A Hardened and Ferocious People:
The first thing the sons of Mosiah talk about to Alma is the fact that they were very successful in their efforts as missionaries. From Alma 17, we can learn what it takes to be a successfully missionary. Remember, “Every Member a Missionary.” In the first few verses (2-4) of Alma 17, we learn what they did to succeed:
- Study Scriptures
We learn in the next two verses (5 and 6) some of the many sacrifices they experienced. However, we quickly discover that these sacrifices were ones they were willing to accept because they truly loved the people they were serving, and they truly loved God.
In verses 10-14, we see what kind of people The Lamanites were and what kind of challenge the sons of Mosiah faced. They were, however, comforted by The Spirit in their challenges. This set of scriptures should give us hope when we share the gospel with our friends, neighbors and families. I doubt that any of us will be dealing with people as “hardened and ferocious” as The Lamanites were.
Next we learn of Ammon’s relationship with King Lamoni. In these verses, we will learn two very good “techniques” for teaching the gospel. First, love and serve the people you are teaching. Become their friend, and treat them as a friend, not a prospect. Secondly, work with them on a common ground.

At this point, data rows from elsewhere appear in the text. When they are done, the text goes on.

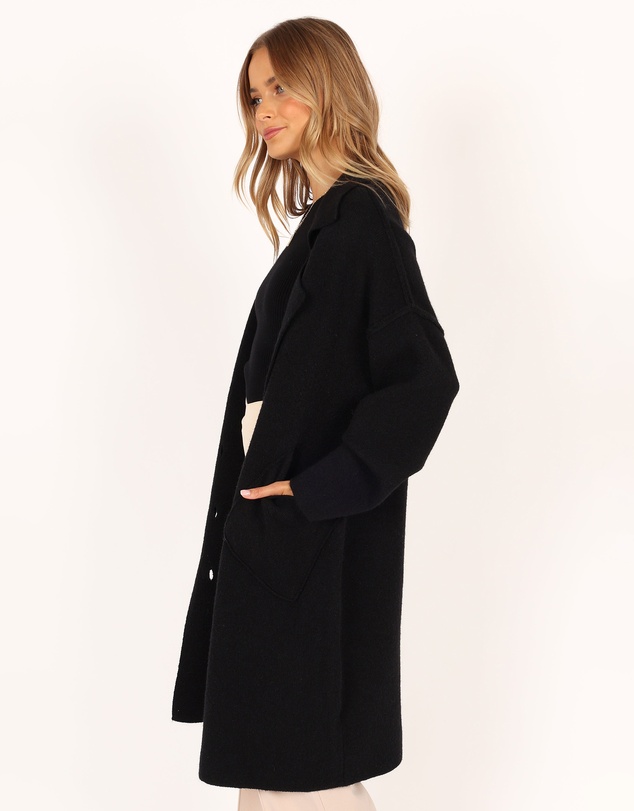 Petal & Pup - Ivy Button Front Coatigan - Black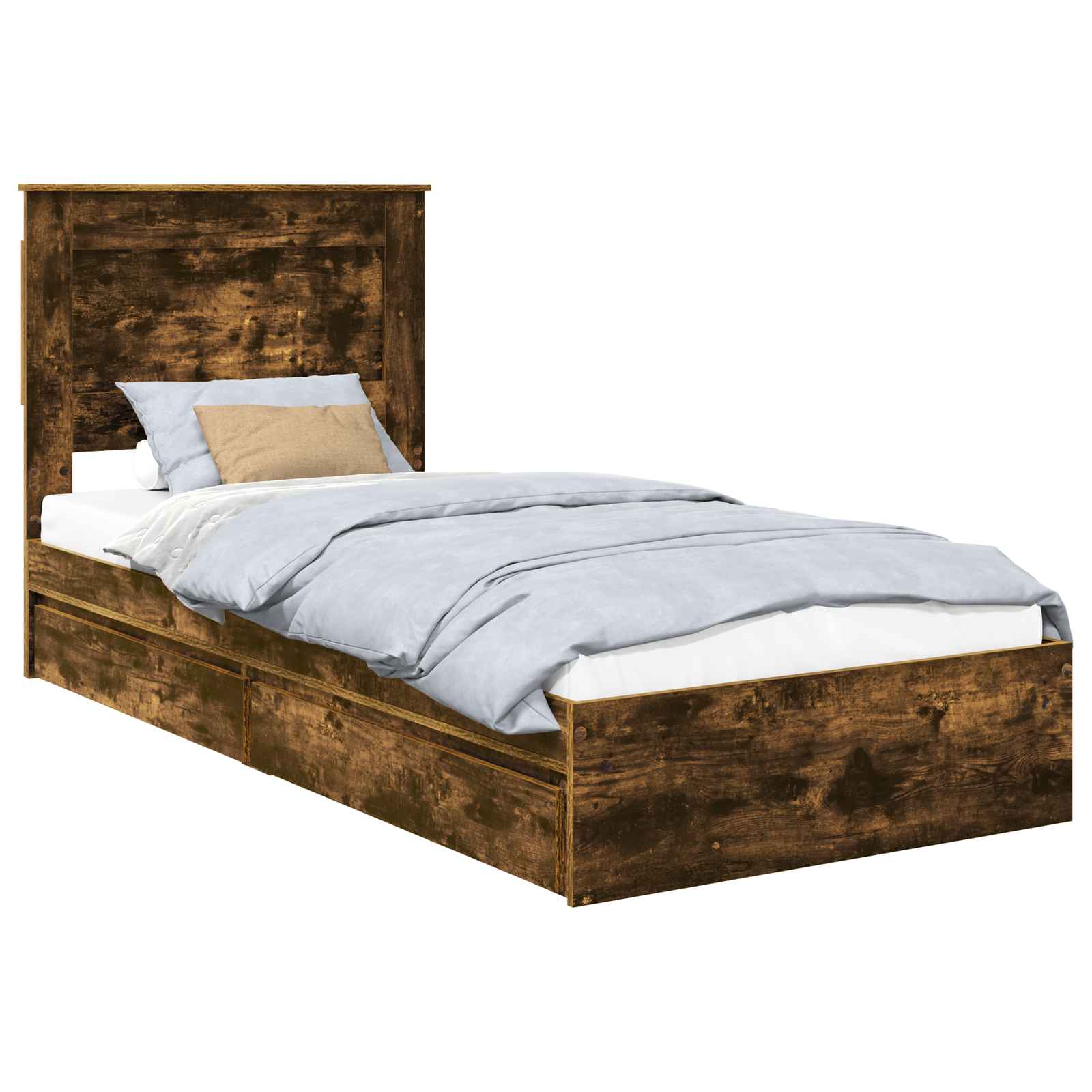 Opslag bed met lade Gerookt eiken 90 x 200 cm Bewerkt hout is nu te koop bij PeponiXL, paradijselijk wonen!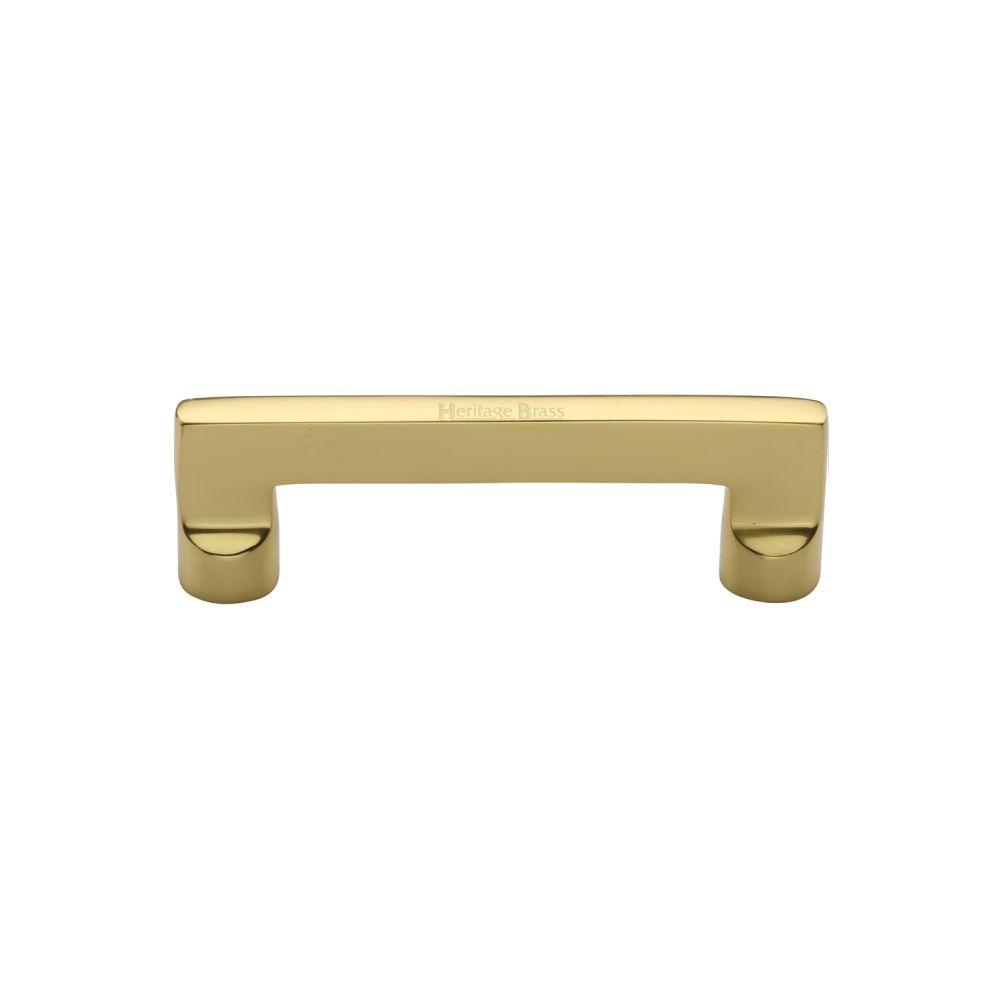 This is an image of a Heritage Brass - Cabinet Pull Apollo Design 96mm CTC Polished Brass Finish, c0345-96-pb that is available to order from T.H Wiggans Ironmongery in Kendal.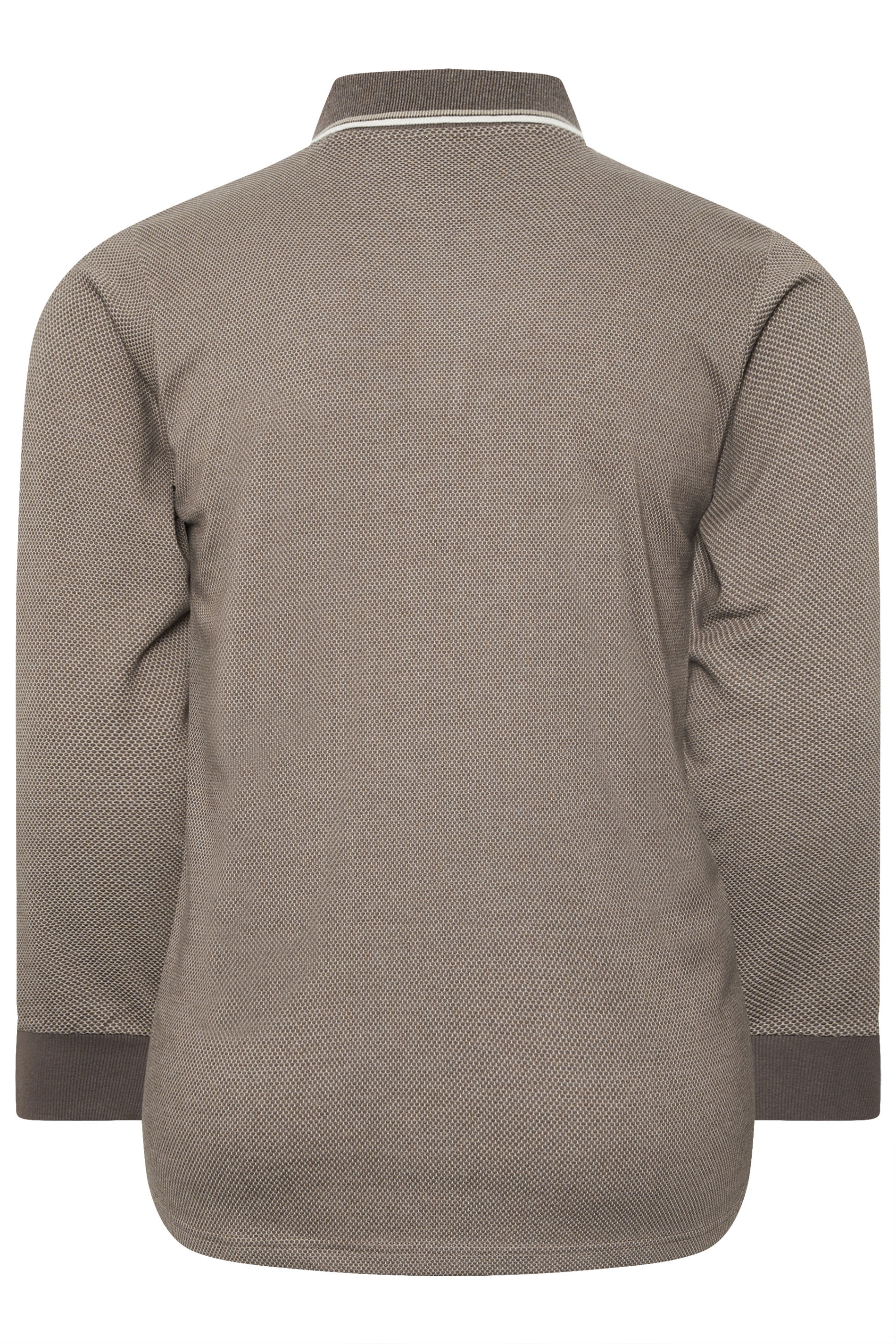 BadRhino Big & Tall Brown Textured Waffle Long Sleeve Polo Shirt | BadRhino 6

Basically, Ammon is captured and bound and brought before King Lamoni. King Lamoni asked Ammon if he wanted to live there in the land of Ishmael with The Lamanites. Ammon said that he did and that, in fact, might live there the rest of his life (Alma 17:22–23). This please the King, and so he offered Ammon one of his own daughters as a wife, but Ammon refused and offered to be the King’s servant.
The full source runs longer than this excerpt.